# Evap Canister---600$$



## psu711 (Jan 3, 2005)

Just took my 02 Max gle into a Nissan Dealership to find out why the check engine light came on, I know I should of went to AZ but a insurance company is involved and had to take it to a dealer..

Anywho, they just called and said the evaporator canister was leaking, and everything around it was rusted out.

He told me 3 part

Evap Canistor 173$
Something I forget 85$
and a bolt or something for 35$

with labor im looking at 550-600$ which im not real happy about.

Check engine light is on, and does not go off, can anyone tell me anything about this problem?? should I get it fixed? should I wait? Get another opinion?

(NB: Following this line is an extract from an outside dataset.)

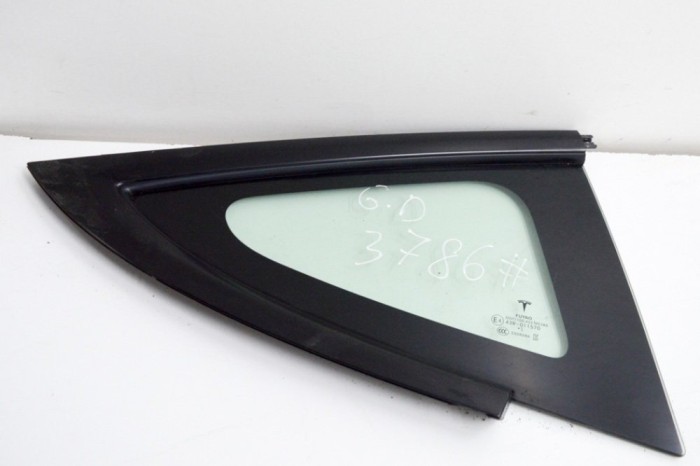 Geam lateral dreapta spate TESLA MODEL 3 2021 OEM: 43R-011570,1514979-01-B 17248278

Any help or info is greatly appreciated.

Thanks


Oh Yeah, Insurance isn't paying for it....nice


----------



## NoKTournAL (Feb 11, 2003)

psu711 said:


> Just took my 02 Max gle into a Nissan Dealership to find out why the check engine light came on, I know I should of went to AZ but a insurance company is involved and had to take it to a dealer..
> 
> Anywho, they just called and said the evaporator canister was leaking, and everything around it was rusted out.
> 
> ...


mmm EVAP Small leak ??

Canister and Control valve + hardware. 

Price is about right, labor seems a bit excessive.


----------



## Sterling2000 (Mar 11, 2003)

I love my extended warranty


----------